Task prompt:
Please repeat exactly the lines from the one containing "Обои Casamance Isadora 70692344" to the end of the entries below, both included, and omit all pictures.

=== Section Start ===

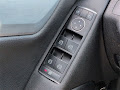 2010 Mercedes-Benz C-Class C 300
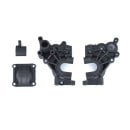 Reve D D1-302M RDX�� ������ ���䥱����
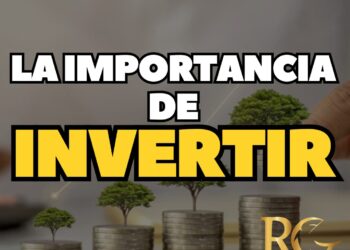 Perspectivas de precios y opciones de inversión: ¿Tasa fija o bonos CER?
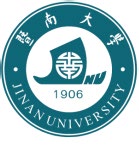 暨南大學(xué)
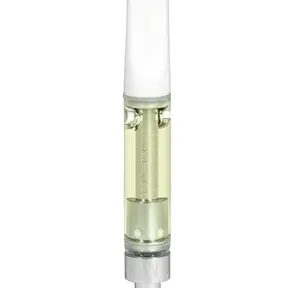Citrus Funk Refined Live Resin™ 1.0g Cartridge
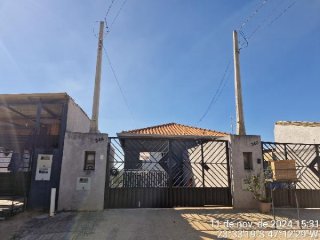 Imagem do imóvel CA89680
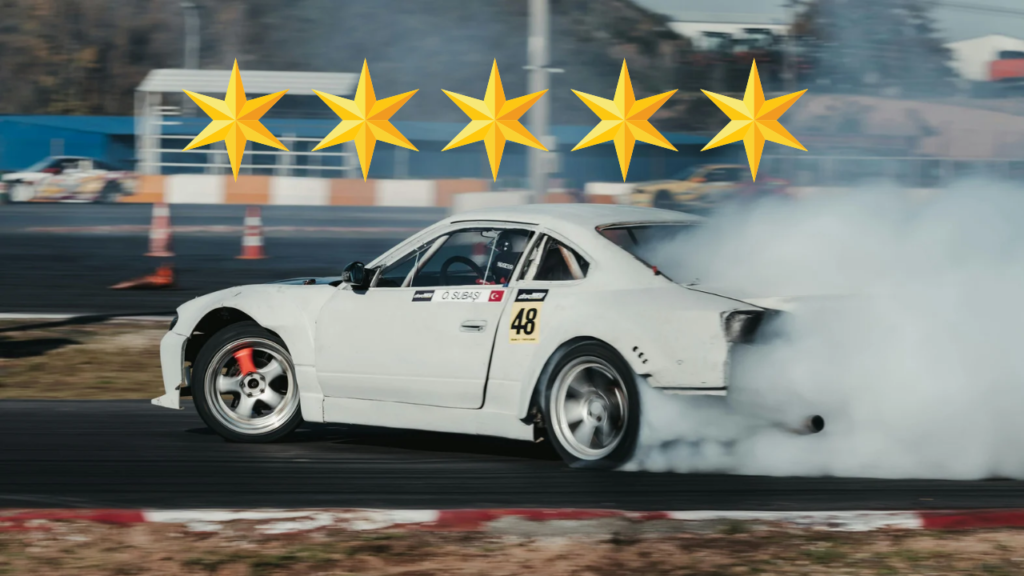 Best AI Mode Rank Tracking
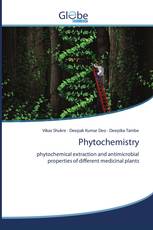 Phytochemistry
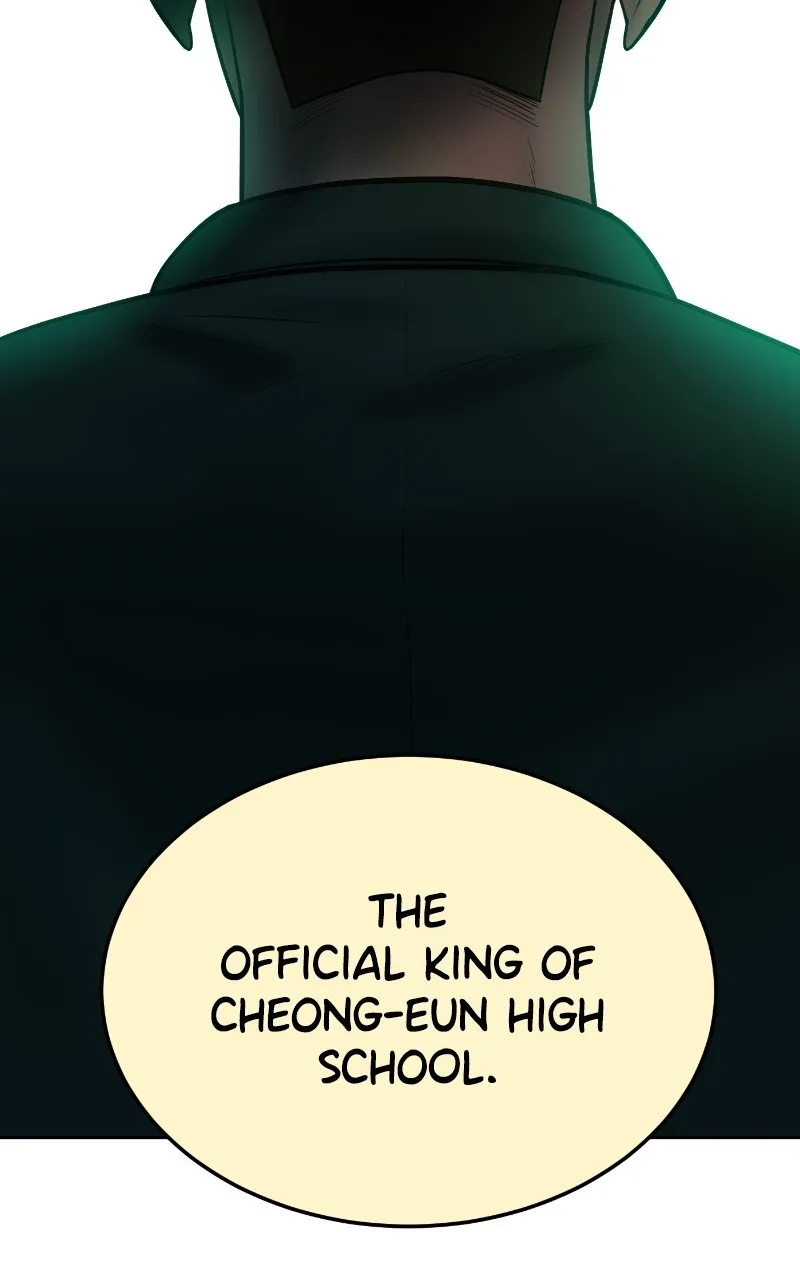 Read The Good Student chapter 2 image 51 on Lezhin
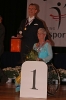 NK Rolstoeldansen - 3_203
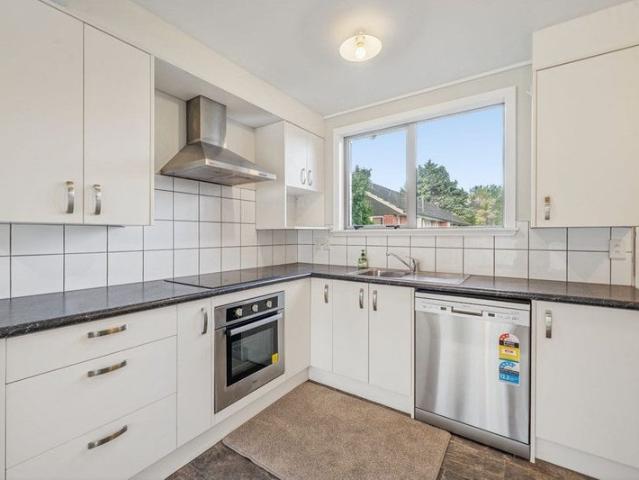 Apartment for rent in Pauatahanui, Wellington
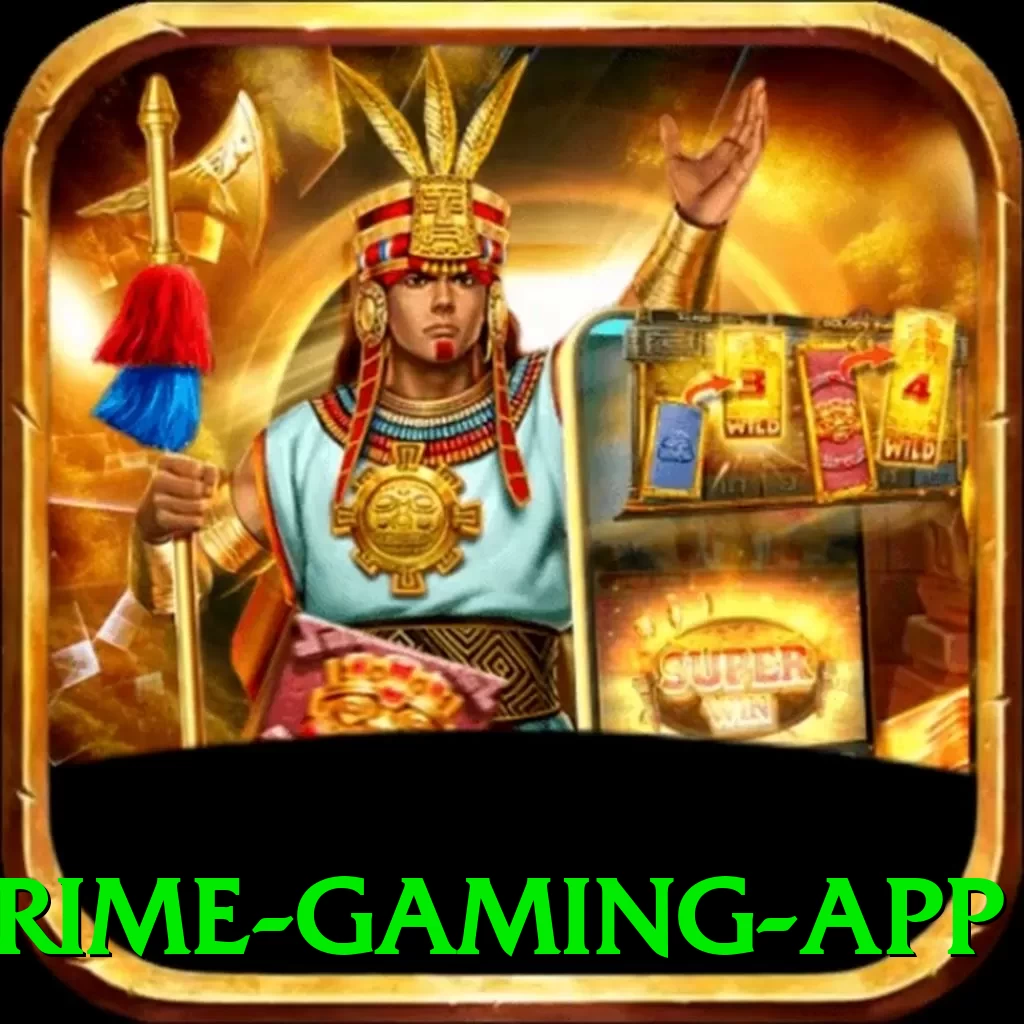 1929bet Prime Gaming App - go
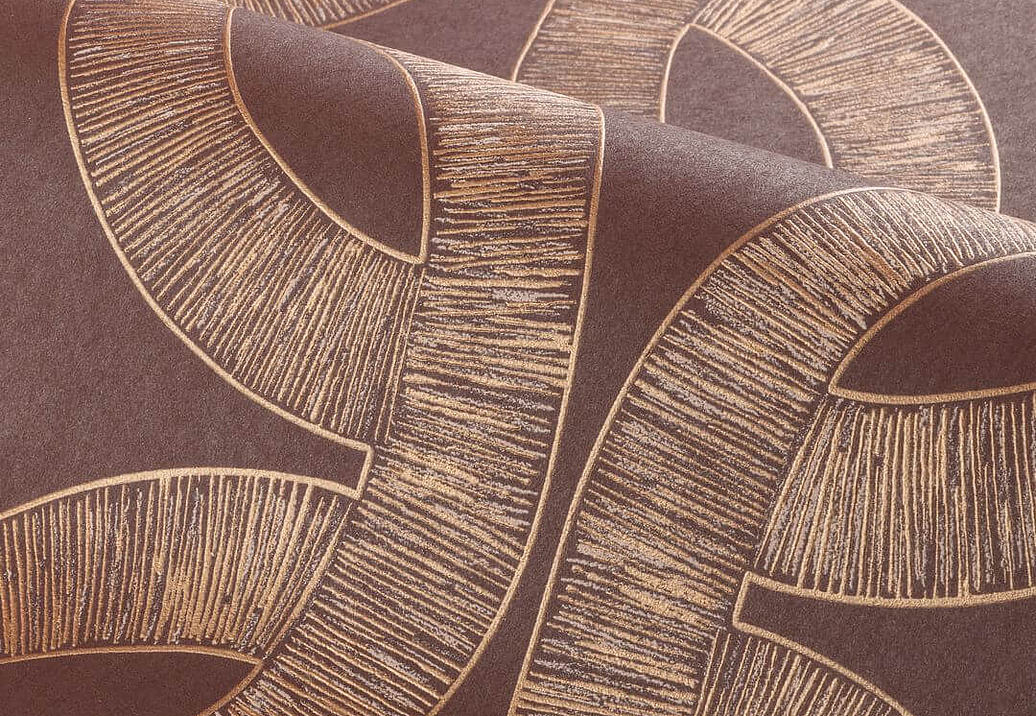 Обои Casamance Isadora 70692344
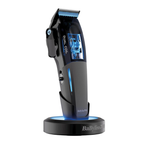 BaBylissPRO High-Performance Dual-Coil Motor Cordless Clipper FX95C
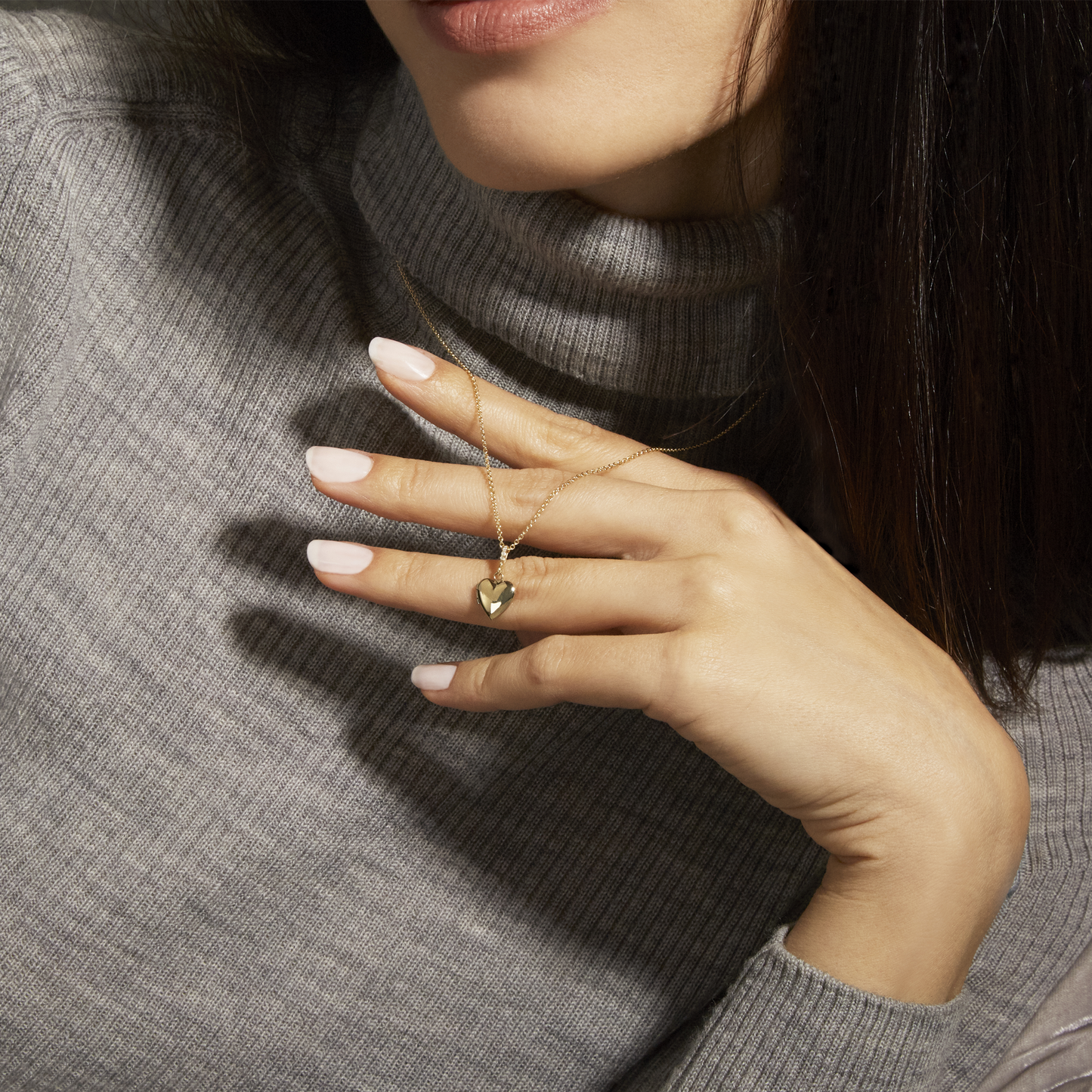 Diamond Tennis Bangle in Sparkling Design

=== Section End ===

Result for this exercise:
 Обои Casamance Isadora 70692344
 BaBylissPRO High-Performance Dual-Coil Motor Cordless Clipper FX95C
 Diamond Tennis Bangle in Sparkling Design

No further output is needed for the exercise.